--- YOUR INSTRUCTIONS ---
Quote exactly and only this range of lines in the data below: the line that holds "Cover of: The" to the line that holds "Cyber ​​Strike - Infinite", both included.

[[ RECORD EXCERPTS, beginning ]]

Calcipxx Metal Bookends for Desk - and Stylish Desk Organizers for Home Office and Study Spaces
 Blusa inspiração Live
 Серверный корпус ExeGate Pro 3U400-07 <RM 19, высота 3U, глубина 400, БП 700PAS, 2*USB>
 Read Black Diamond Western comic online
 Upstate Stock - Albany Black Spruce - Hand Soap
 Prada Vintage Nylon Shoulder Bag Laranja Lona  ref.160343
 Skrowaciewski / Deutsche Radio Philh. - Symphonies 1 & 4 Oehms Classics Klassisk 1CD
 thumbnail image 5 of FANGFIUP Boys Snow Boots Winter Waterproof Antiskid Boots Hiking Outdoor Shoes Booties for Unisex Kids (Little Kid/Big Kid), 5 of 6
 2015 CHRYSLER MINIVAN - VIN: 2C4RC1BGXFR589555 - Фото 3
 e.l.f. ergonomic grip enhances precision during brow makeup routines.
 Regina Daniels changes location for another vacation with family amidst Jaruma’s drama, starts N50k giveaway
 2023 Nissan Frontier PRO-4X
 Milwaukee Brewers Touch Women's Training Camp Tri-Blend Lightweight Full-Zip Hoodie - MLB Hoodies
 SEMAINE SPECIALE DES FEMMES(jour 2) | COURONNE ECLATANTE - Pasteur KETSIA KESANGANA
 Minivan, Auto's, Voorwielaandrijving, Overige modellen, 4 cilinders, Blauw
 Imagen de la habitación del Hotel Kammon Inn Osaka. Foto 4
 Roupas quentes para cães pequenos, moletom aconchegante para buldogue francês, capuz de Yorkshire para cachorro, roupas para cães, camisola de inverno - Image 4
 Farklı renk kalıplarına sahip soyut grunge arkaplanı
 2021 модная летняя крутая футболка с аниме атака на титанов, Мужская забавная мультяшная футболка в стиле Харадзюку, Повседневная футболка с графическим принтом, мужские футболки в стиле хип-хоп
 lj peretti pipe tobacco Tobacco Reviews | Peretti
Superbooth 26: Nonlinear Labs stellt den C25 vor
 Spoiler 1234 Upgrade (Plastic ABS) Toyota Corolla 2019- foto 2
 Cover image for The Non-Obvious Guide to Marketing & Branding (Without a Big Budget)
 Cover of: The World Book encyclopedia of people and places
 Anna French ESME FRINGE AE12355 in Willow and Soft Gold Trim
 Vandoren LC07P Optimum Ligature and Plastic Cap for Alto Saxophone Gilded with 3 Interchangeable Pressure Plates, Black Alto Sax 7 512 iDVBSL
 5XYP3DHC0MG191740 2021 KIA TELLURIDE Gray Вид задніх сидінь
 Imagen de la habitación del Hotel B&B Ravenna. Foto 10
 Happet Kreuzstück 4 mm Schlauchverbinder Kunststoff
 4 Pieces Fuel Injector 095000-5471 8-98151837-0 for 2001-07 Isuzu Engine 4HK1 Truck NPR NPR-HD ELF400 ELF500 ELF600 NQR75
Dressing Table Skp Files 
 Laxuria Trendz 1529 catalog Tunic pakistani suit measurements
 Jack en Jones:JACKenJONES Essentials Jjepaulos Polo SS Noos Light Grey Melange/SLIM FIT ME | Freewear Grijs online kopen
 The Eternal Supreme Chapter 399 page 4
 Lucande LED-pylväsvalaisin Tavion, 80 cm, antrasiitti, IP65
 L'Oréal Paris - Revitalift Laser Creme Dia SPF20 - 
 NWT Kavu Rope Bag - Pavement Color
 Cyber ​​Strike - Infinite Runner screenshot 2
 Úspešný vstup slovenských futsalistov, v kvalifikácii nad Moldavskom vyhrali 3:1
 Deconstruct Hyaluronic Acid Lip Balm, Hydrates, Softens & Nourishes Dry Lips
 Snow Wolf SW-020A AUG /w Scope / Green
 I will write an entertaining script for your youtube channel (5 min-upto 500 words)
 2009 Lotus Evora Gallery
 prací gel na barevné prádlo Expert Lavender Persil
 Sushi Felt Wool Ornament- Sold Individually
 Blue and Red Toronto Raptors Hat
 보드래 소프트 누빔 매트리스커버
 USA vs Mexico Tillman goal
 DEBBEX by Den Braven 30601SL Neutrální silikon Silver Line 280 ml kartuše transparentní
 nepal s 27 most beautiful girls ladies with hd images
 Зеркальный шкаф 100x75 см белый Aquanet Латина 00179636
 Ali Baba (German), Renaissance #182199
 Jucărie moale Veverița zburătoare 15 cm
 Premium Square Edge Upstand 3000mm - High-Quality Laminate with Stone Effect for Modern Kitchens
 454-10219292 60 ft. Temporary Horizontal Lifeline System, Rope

[[ RECORD EXCERPTS, end ]]

--- SOLVED PROBLEM ---
 Cover of: The World Book encyclopedia of people and places
 Anna French ESME FRINGE AE12355 in Willow and Soft Gold Trim
 Vandoren LC07P Optimum Ligature and Plastic Cap for Alto Saxophone Gilded with 3 Interchangeable Pressure Plates, Black Alto Sax 7 512 iDVBSL
 5XYP3DHC0MG191740 2021 KIA TELLURIDE Gray Вид задніх сидінь
 Imagen de la habitación del Hotel B&B Ravenna. Foto 10
 Happet Kreuzstück 4 mm Schlauchverbinder Kunststoff
 4 Pieces Fuel Injector 095000-5471 8-98151837-0 for 2001-07 Isuzu Engine 4HK1 Truck NPR NPR-HD ELF400 ELF500 ELF600 NQR75
Dressing Table Skp Files 
 Laxuria Trendz 1529 catalog Tunic pakistani suit measurements
 Jack en Jones:JACKenJONES Essentials Jjepaulos Polo SS Noos Light Grey Melange/SLIM FIT ME | Freewear Grijs online kopen
 The Eternal Supreme Chapter 399 page 4
 Lucande LED-pylväsvalaisin Tavion, 80 cm, antrasiitti, IP65
 L'Oréal Paris - Revitalift Laser Creme Dia SPF20 - 
 NWT Kavu Rope Bag - Pavement Color
 Cyber ​​Strike - Infinite Runner screenshot 2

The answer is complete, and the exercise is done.